This is a highly entertaining story about an astronaut who is accidentally marooned on Mars by his team. If you enjoy sci-fi and especially like characters who can invent or modify gadgets as well as MacGyver, then you should give this a read. Mark Watney is a man trained in botany and engineering, both of which may help him survive until a rescue mission can be mounted. His log entries reveal the emotions he feels as he struggles to stay alive - including frustration with the Disco music and 70s TV shows some of the others brought along as entertainment. As you read, you become one of the millions on Earth who are cheering for him to find a way home.
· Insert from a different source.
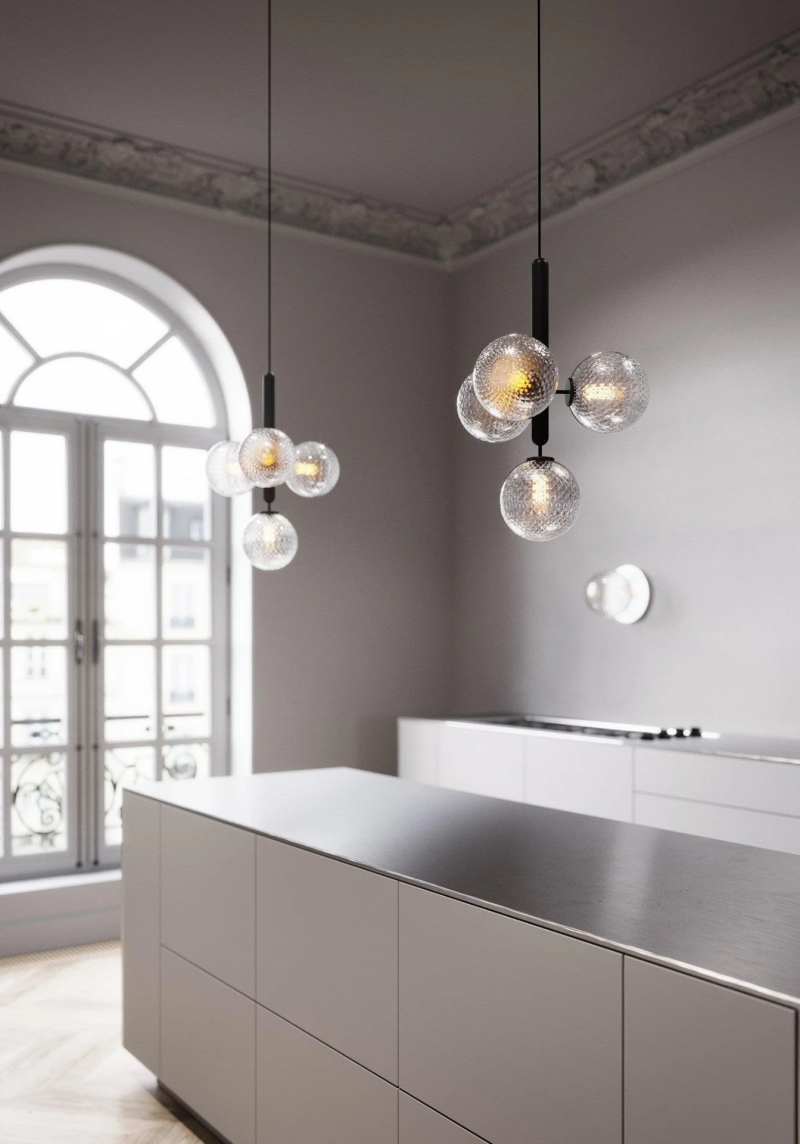 Miira 1/4 Chandeliers - Image 20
The Martian is science fiction - no fantasy elements, no paranormal abilities or supernatural entities, no extra-terrestrials; it could be called "pure" sci-fi. Weir shows us the incredible amount of mathematics and scientific know-how that is required of astronauts, especially those stranded on a planet without a breathable atmosphere or edible flora or fauna. The protagonist must solve multiple problems just to stay alive long enough to have a chance at solving the problem of escaping Mars and returning home. Readers come to know Watney as we follow his remarkable efforts to produce oxygen and food, establish contact with mission control, and try to survive injuries, explosions, and sand storms (among other hazards).
The tension of the NASA personnel on Earth who are trying to organize a rescue is so convincing that I found myself gripping the book tightly and leaning forward as if I could jump right into the story and offer to help. Several movie plots have revolved around expeditions to Mars, but this book does the best job of making it believable.